• Exercise aim
Below are the entries; transcribe them exactly and drop every picture.

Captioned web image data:
──────
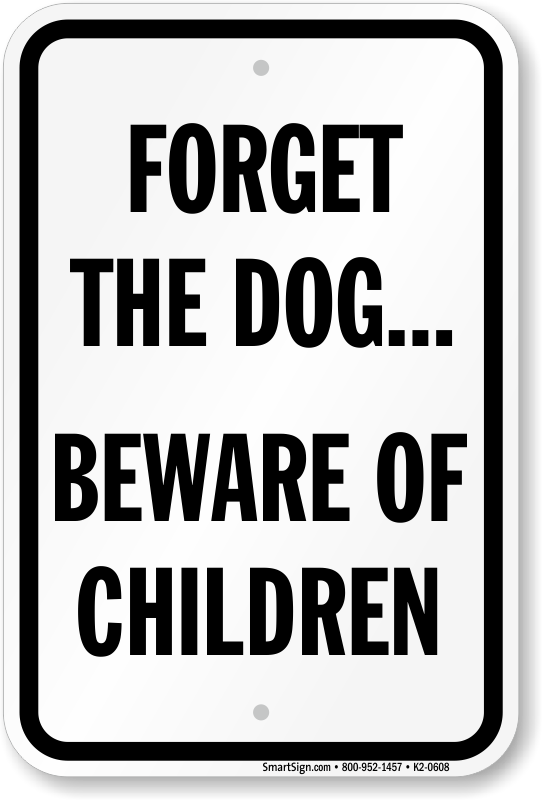 Beware of the Dog Sign and dont trust the kids DS-07 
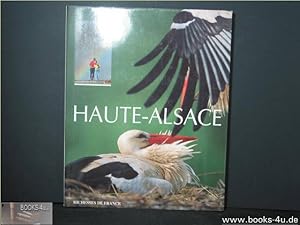 Haute-Alsace (Collection : Richesses de France) Photographies : Christophe Meyer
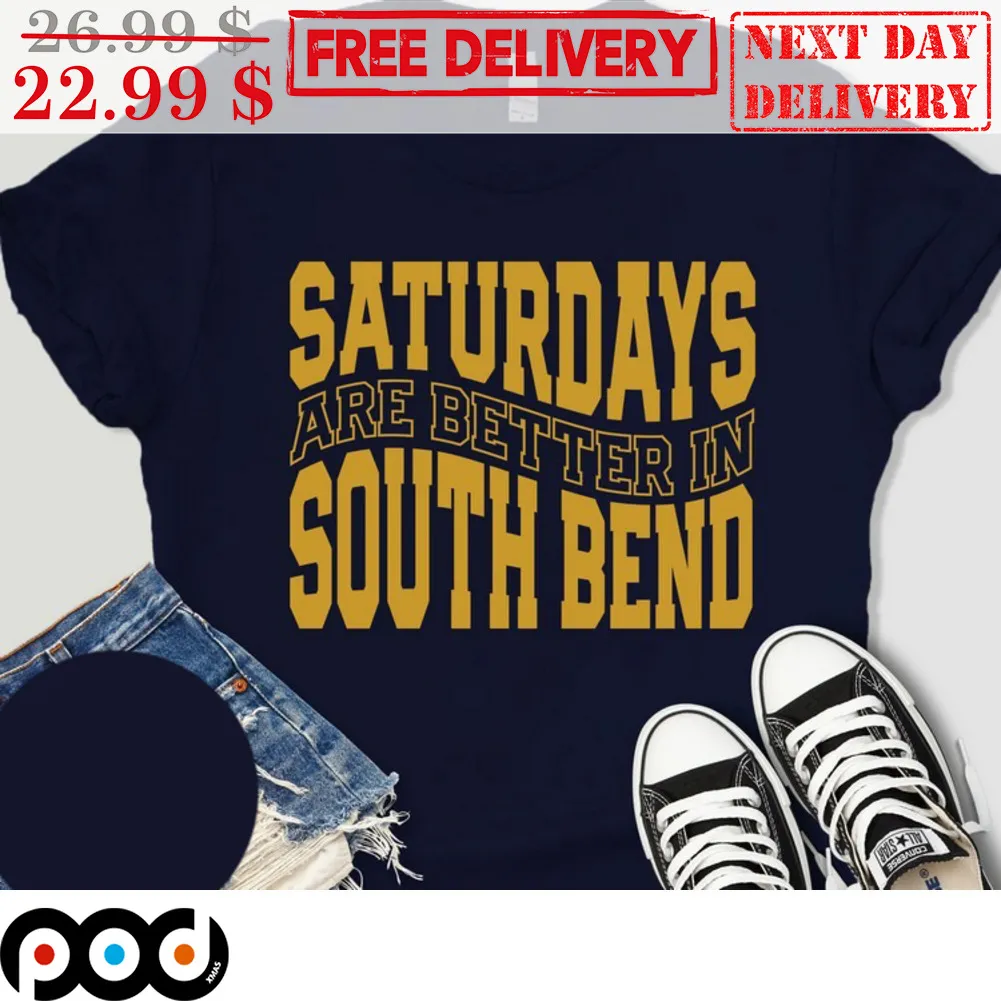 Saturdays Are Better In South Bend Shirt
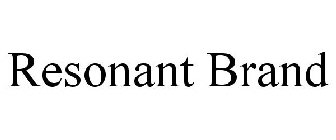 RESONANT BRAND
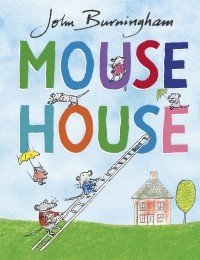 Джон Бернингем - Mouse House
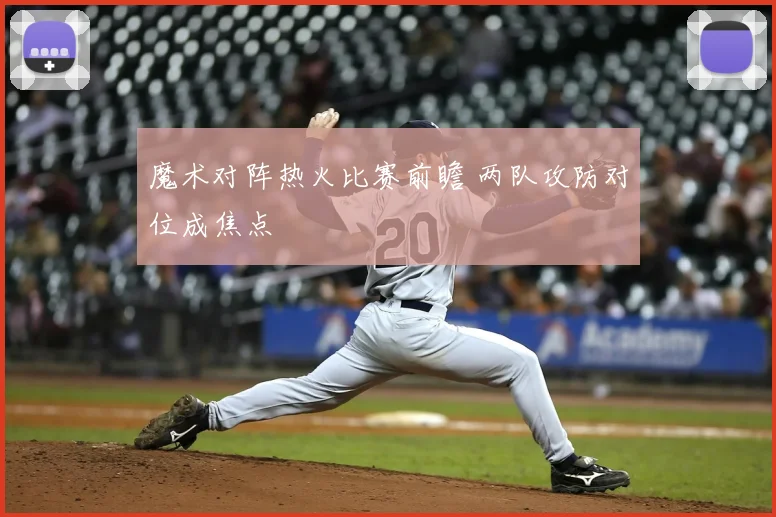 魔术对阵热火比赛前瞻 两队攻防对位成焦点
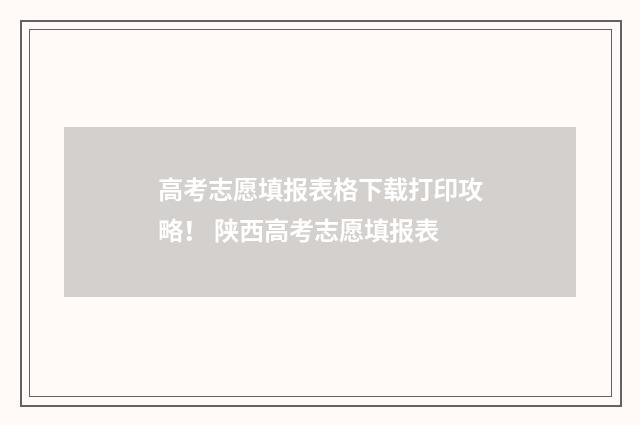 高考志愿填报表格下载打印攻略！ 陕西高考志愿填报表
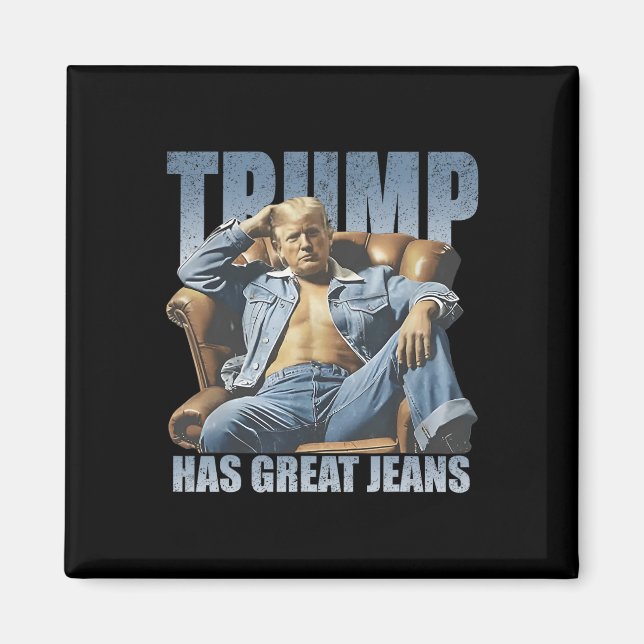 Íman Trump Tem Ótimas Calças Engraçado Retro  (Frente)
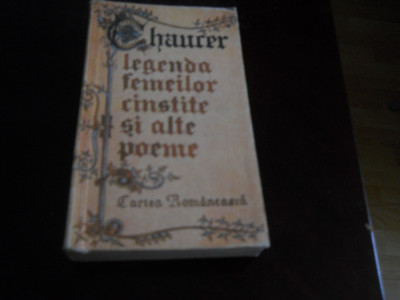 Legenda Femeilor Cinstite Si Alte Poeme - Geoffrey Chaucer, Carte Noua,1986 foto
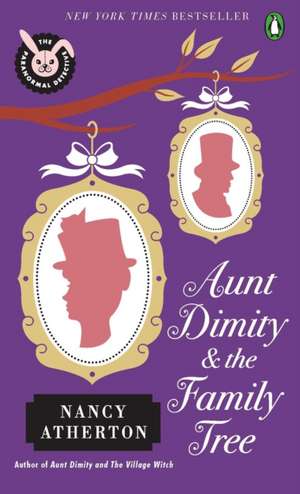 Aunt Dimity and the Family Tree de Nancy Atherton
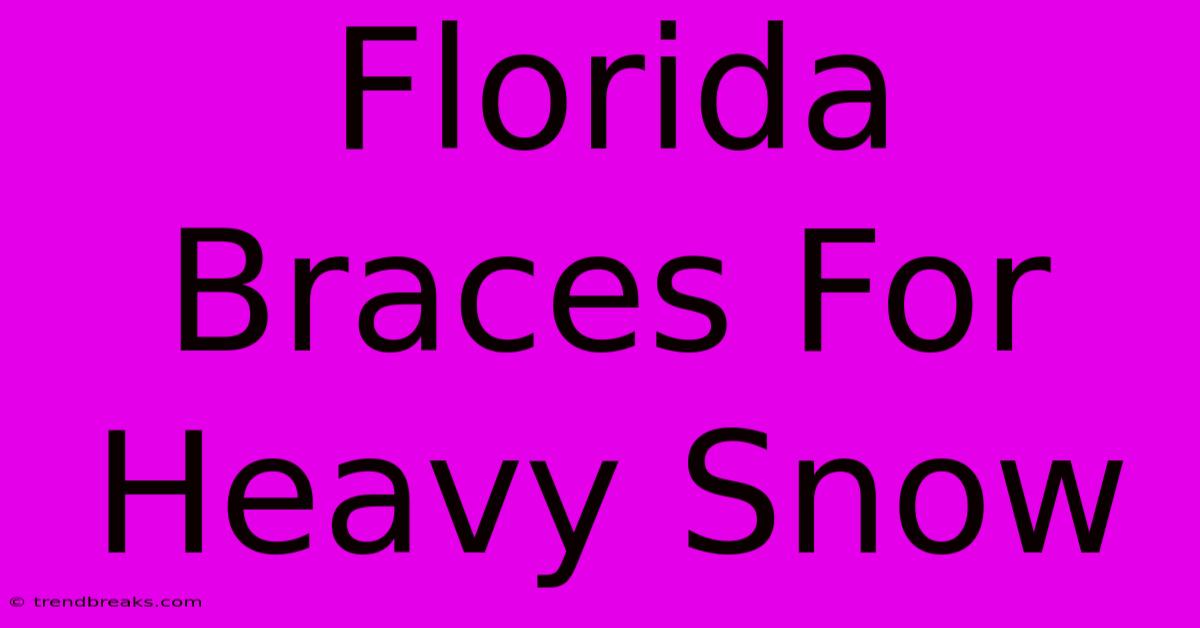 Florida Braces For Heavy Snow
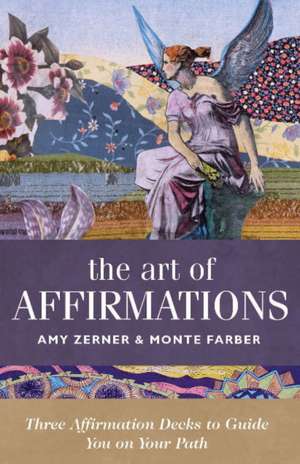 The Art of Affirmations de Monte Farber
──────
• Result for this task
 Beware of the Dog Sign and dont trust the kids DS-07 
 Haute-Alsace (Collection : Richesses de France) Photographies : Christophe Meyer
 Saturdays Are Better In South Bend Shirt
 RESONANT BRAND
 Джон Бернингем - Mouse House
 魔术对阵热火比赛前瞻 两队攻防对位成焦点
 高考志愿填报表格下载打印攻略！ 陕西高考志愿填报表
 Íman Trump Tem Ótimas Calças Engraçado Retro  (Frente)
 Legenda Femeilor Cinstite Si Alte Poeme - Geoffrey Chaucer, Carte Noua,1986 foto
 Aunt Dimity and the Family Tree de Nancy Atherton
 Florida Braces For Heavy Snow
 The Art of Affirmations de Monte Farber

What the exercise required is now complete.